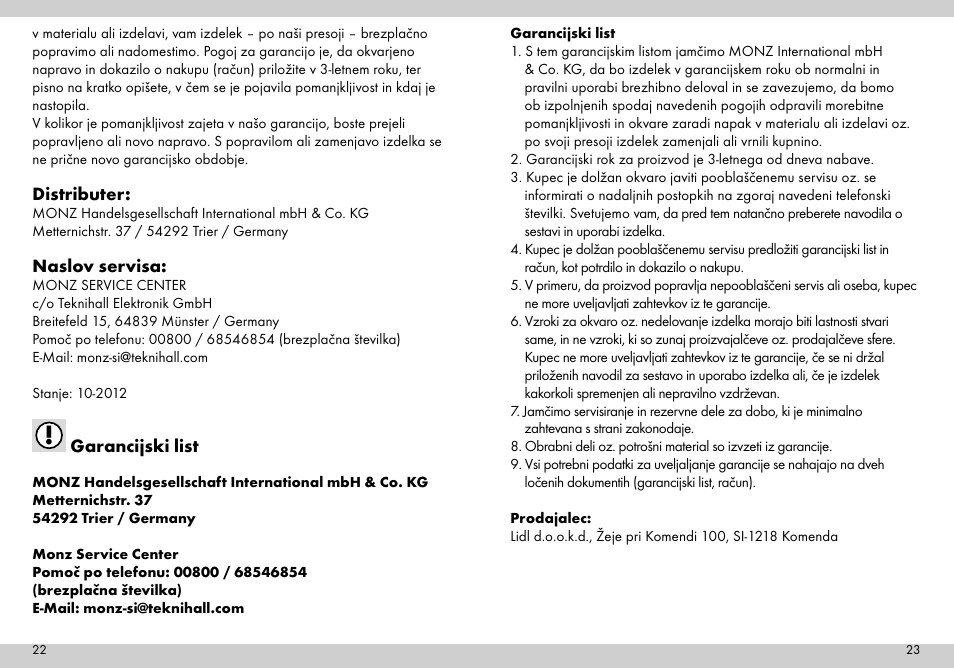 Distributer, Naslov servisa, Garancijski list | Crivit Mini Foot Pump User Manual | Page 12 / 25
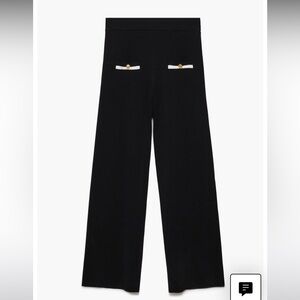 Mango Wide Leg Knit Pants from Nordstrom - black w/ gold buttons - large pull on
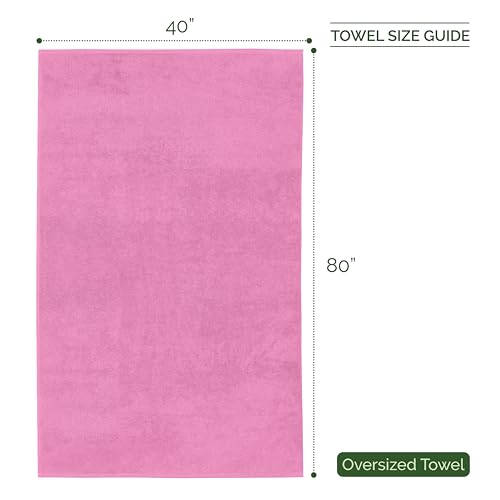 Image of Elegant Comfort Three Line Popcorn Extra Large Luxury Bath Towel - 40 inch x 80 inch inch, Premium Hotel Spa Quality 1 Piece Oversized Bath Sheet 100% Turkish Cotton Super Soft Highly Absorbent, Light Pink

== Problem statement ==
What you return must match the data above exactly, with no images included.

== Completed task ==
 Distributer, Naslov servisa, Garancijski list | Crivit Mini Foot Pump User Manual | Page 12 / 25
 Mango Wide Leg Knit Pants from Nordstrom - black w/ gold buttons - large pull on
 Image of Elegant Comfort Three Line Popcorn Extra Large Luxury Bath Towel - 40 inch x 80 inch inch, Premium Hotel Spa Quality 1 Piece Oversized Bath Sheet 100% Turkish Cotton Super Soft Highly Absorbent, Light Pink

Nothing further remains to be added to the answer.